What are the duties of records custodians under the law?
The Missouri Sunshine Law mandates that records custodians within the state adhere to the following requirements as it pertains to the accessibility of the public records that are in the possession of said individuals:
- Public bodies within the state of Missouri are required to designate a records custodian that will be in charge of facilitating public access to the numerous records that are maintained by said organizations.

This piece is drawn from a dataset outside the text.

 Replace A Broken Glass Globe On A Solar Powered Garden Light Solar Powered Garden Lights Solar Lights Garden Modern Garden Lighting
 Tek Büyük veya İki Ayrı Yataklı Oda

Furthermore, records custodians are required to develop and maintain a Sunshine Law policy that will detail the steps that a person must take in order to access the public records that are maintained by said custodians.
- Records custodians are responsible for redacting any confidential information that may be contained within the public records they maintain before disclosing said records to the general public.
- Records custodians must make their public records accessible to all members of the general public, including media members and non-residents of the state of Missouri.
- Records custodians have an obligation to respond to all requests for access to their public records as soon as possible, but no later than three business days after receiving such a request.
- The provisions of the law apply to all public records that are in the possession of records custodians within the state, irrespective of the format in which they are maintained.
- Records custodians are prohibited from destroying public records in an effort to avoid or deter a records request.
- Records custodians are forbidden from limiting the manner in which a member of the general public uses the public records that have been requested.
What public records are exempt from disclosure under the law?
On the other hand, the Missouri Sunshine Law also outlines a wide range of public records that are exempt from public disclosure under the law and must instead remain confidential. For instance, electronic healthcare records (EHR) are exempt from public disclosure under the law, in accordance with the provisions of the federal Health Insurance Portability and Accountability Act (HIPPA). Conversely, the law also forbids records custodians from disclosing educational records, in conjunction with the Family Educational Rights and Privacy Act (FERPA). To this end, some additional exemptions that are set forth in the law include:
- Militia and national guard information.
- Professional examination materials.
- The names of charity donors.
- State security information.
- Non-approved competitive bidding information.
- Welfare information.
- Credit card numbers and PINs.
- Real estate transactions.
- Public safety or law enforcement plans.
- Certain computer operations.
What are the penalties for violating the law?
In terms of the enforcement of the law, the various sections of the Missouri Sunshine Law are enforced by the state attorney general. However, while the state attorney general has the authority to impose the law, aggrieved parties within the state have historically brought forth civil charges against records custodians that have violated their rights under the law. With all this being said, individuals and organizations that fail to comply with the law are subject to monetary penalties of up to $1,000 for knowingly breaking the law, as well as monetary penalties of up to $5,000 for purposely violating the law. What’s more, aggrieved parties are also entitled to injunctive relief, as well as reasonable attorney fees that may be associated with any of the legal remedies available.
The provisions of the Missouri Sunshine Law grant both residents and non-residents of the state the right to access the public records of the various government agencies and institutions that serve citizens within said state. Moreover, the penalties that can be imposed against individuals and organizations that are found to be in violation of the law are rather stringent when compared to many other sunshine laws that have been passed by state legislatures around the country. To this point, the law stands as one of the foremost means by which citizens of the state can exercise their political power.